Oil is largely present in most people's diets, through cooking methods (sautéing, frying, roasting and baking) and as an ingredient. It provides many nutrients essential to the diet including fat, vitamins and antioxidants. Various oils have different properties such as smoke points and foods they’re best suited to, but which oil is the healthiest? In this post we will discuss and compare 4 popular cooking oils - Olive oil, sesame oil, sunflower oil, and coconut oil. However, it's important to recognise that the type of oil in your diet may have a small influence on your health over a long period of time but the whole picture must be taken into account regarding the rest of your dietary intake.
It's important to note - when cooking at a very high heat, you should consider the ‘smoke point’ of your chosen oil. This is the temperature at which the oil begins to degrade, releasing potentially harmful chemicals. This temperature varies widely between oil types so may be worth considering if you're using a cooking method involving high heats.
Olive oil has long been the favourite choice in kitchens across the globe. It’s versatile and can be used for baking, sautéing, or cold dressings. Olive oil is rich in vitamin E, which acts as an antioxidant. The primary fatty acid in olive oil is a monounsaturated fat called oleic acid. Monounsaturated fats are considered healthy fats and are favoured for their anti-inflammatory properties to protect against coronary heart disease. Along with these benefits it’s important to note that olive oil contains a lot of calories. With 1 tbsp of olive oil holding 120 calories.
Sunflower oil is primarily composed of linoleic acid, a polyunsaturated fat, and oleic acid, a monounsaturated fat. Sunflower oil also contains the antioxidant vitamin E. This composition is associated with a lower risk of heart disease in comparison to saturated fats. On the whole, olive oil and sunflower oil are quite similar, although sunflower oil has a higher smoke point so is preferable for high heat cooking. With 1 tbsp of olive oil holding 120 calories.

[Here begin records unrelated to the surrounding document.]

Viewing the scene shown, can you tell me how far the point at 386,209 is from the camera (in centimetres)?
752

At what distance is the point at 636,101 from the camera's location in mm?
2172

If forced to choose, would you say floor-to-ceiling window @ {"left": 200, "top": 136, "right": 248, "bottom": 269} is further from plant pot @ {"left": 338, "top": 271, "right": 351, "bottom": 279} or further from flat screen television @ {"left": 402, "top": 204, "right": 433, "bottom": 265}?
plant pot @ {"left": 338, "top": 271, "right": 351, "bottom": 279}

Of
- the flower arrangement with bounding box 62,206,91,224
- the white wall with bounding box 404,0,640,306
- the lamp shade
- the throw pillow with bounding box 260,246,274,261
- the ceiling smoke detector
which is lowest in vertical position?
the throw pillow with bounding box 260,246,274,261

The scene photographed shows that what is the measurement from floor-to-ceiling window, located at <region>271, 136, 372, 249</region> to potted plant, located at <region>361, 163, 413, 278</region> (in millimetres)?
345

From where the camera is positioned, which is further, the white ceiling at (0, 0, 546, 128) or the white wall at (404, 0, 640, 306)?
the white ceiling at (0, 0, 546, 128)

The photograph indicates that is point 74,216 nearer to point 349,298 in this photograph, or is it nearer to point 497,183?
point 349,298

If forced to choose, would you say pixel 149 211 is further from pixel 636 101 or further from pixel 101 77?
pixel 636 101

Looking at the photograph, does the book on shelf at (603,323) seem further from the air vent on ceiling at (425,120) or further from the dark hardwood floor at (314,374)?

Sesame oil has a similar profile to olive oil. Sesame oil works well for sautéing, general-purpose cooking, and even as a salad dressing. Sesame oil also contains omega-3 and omega-6 fatty acids which are essential fatty acids (meaning they can’t be made by the body) and both of which are polyunsaturated fats. Polyunsaturated fats can help reduce bad cholesterol levels in your blood which can lower your risk of heart disease and stroke. 1 tbsp of sesame oil has 120 calories.
Coconut oil varies from the other oils mentioned as it is composed of predominantly saturated fat. So, if improving your heart health is a particular goal of yours, limiting your coconut oil intake would be a good idea, as saturated fat is linked with increasing the risk of heart disease and has the opposite effect of the liquid fats mentioned above (olive, sesame or sunflower oil), that are rich in mono & polyunsaturated fats. That said coconut oil is a great alternative to be used in baking instead of animal fats (butter) or trans fats (vegetable oil). There are 117 calories per tbsp of coconut oil.
In summary, although oil is high in calories, it is an essential part of the diet offering vitamins and antioxidants with beneficial anti-inflammatory properties. All the above mentioned oils have a health benefit but should be consumed in moderation, particularly, coconut oil due to its saturated fat content.